• [Task item]: In the listing that follows, retype every line from the first through the one containing "9781562221133: Mel Bay". Pictures are to be left out.

• [Supplied information]:
=== Begin Enclosure ===

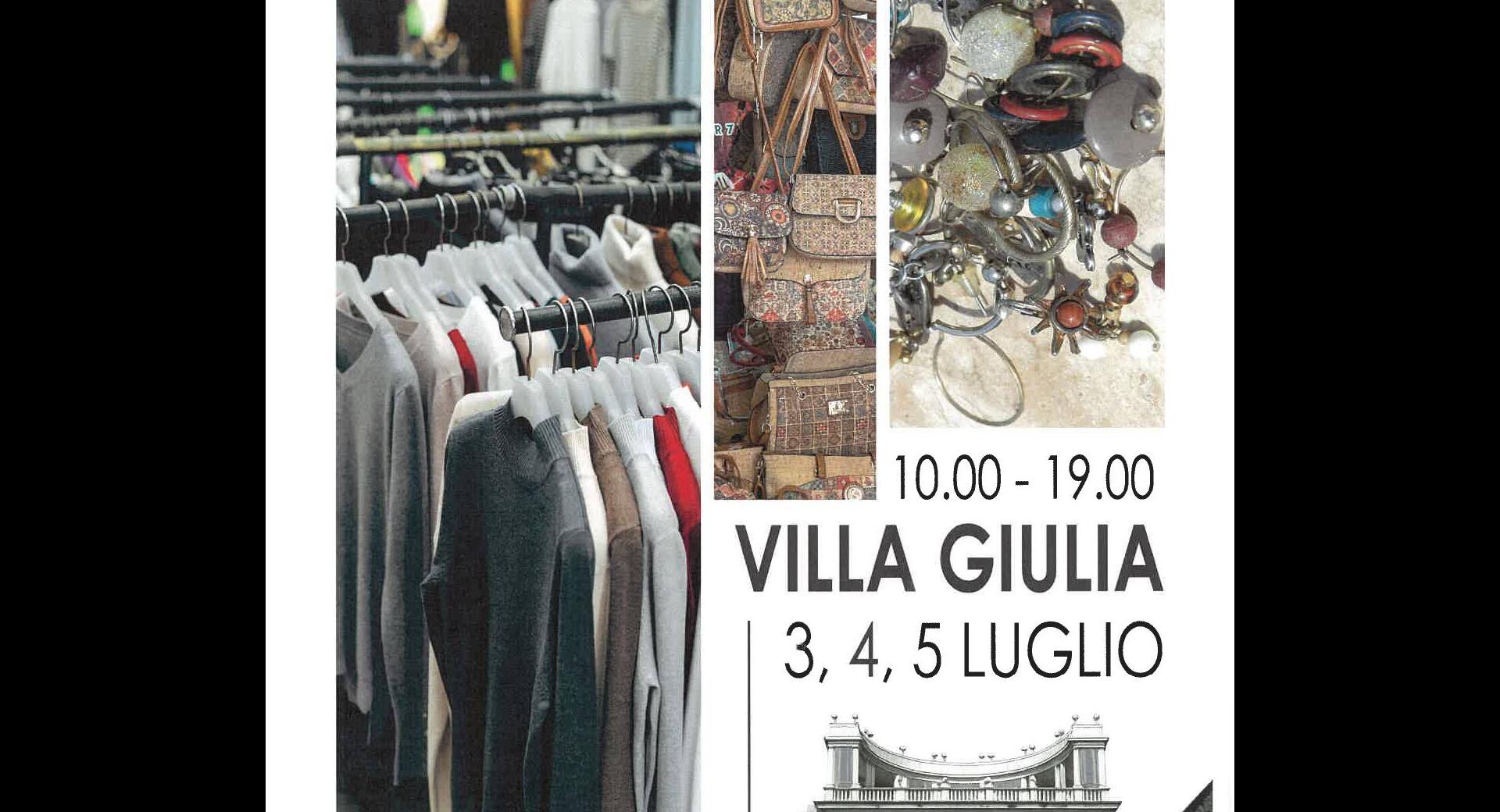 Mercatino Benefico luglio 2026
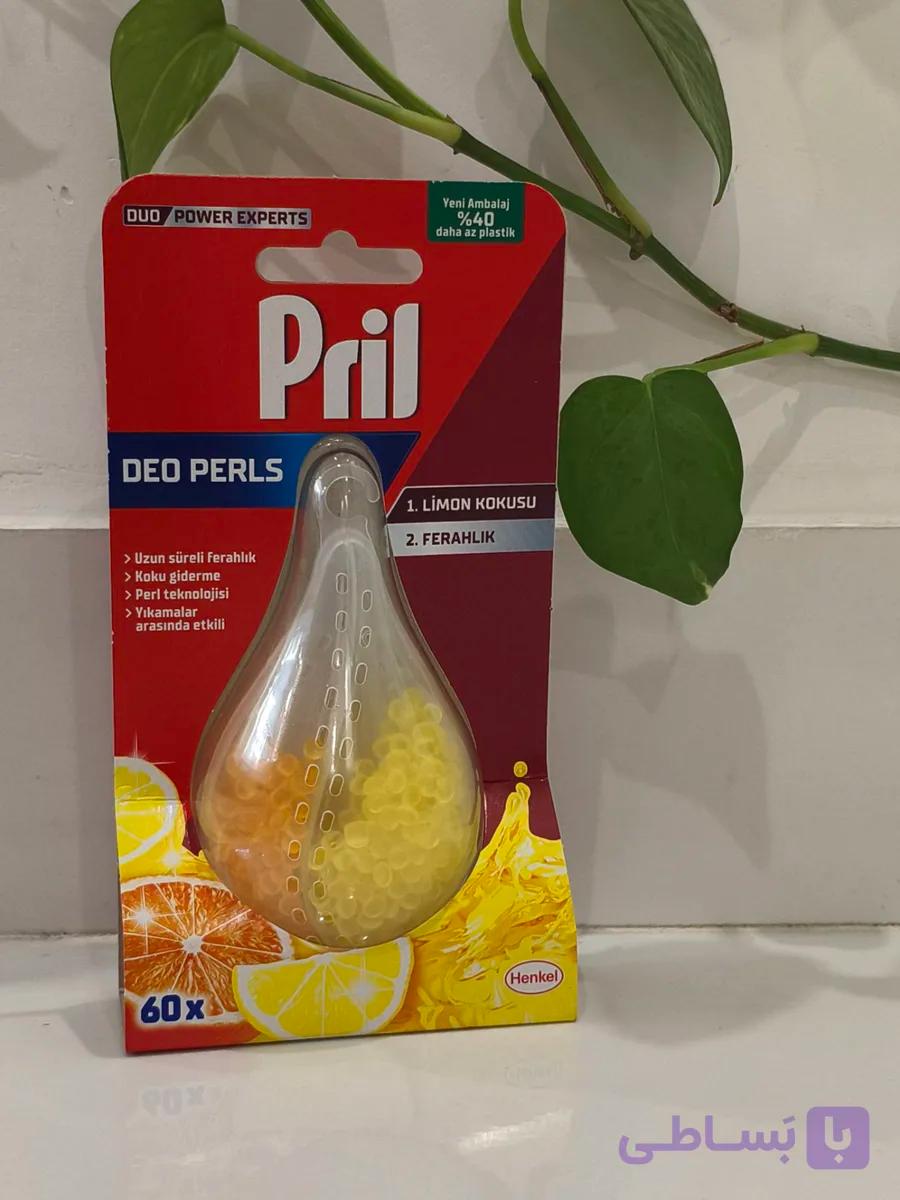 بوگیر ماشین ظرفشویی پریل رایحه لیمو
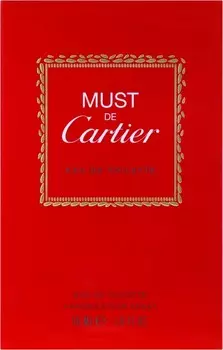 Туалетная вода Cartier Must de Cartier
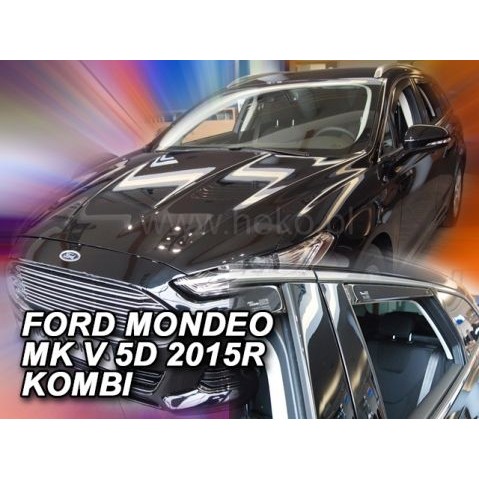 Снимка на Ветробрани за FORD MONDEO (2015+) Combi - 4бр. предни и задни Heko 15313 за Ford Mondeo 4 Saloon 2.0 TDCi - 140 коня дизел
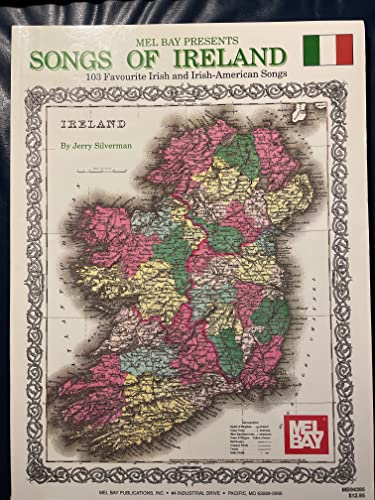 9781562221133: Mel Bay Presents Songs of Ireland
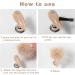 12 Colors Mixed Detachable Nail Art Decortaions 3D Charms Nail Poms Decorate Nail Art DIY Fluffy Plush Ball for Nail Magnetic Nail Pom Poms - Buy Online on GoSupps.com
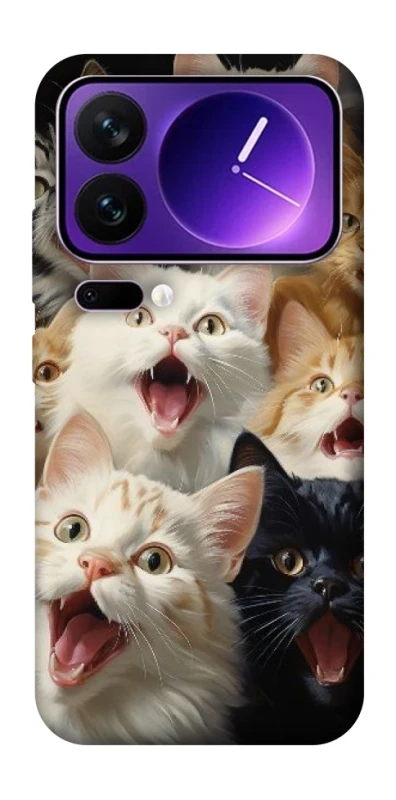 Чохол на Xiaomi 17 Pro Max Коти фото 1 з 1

=== End Enclosure ===

• [Problem solution]:
 Mercatino Benefico luglio 2026
 بوگیر ماشین ظرفشویی پریل رایحه لیمو
 Туалетная вода Cartier Must de Cartier
 Снимка на Ветробрани за FORD MONDEO (2015+) Combi - 4бр. предни и задни Heko 15313 за Ford Mondeo 4 Saloon 2.0 TDCi - 140 коня дизел
 9781562221133: Mel Bay Presents Songs of Ireland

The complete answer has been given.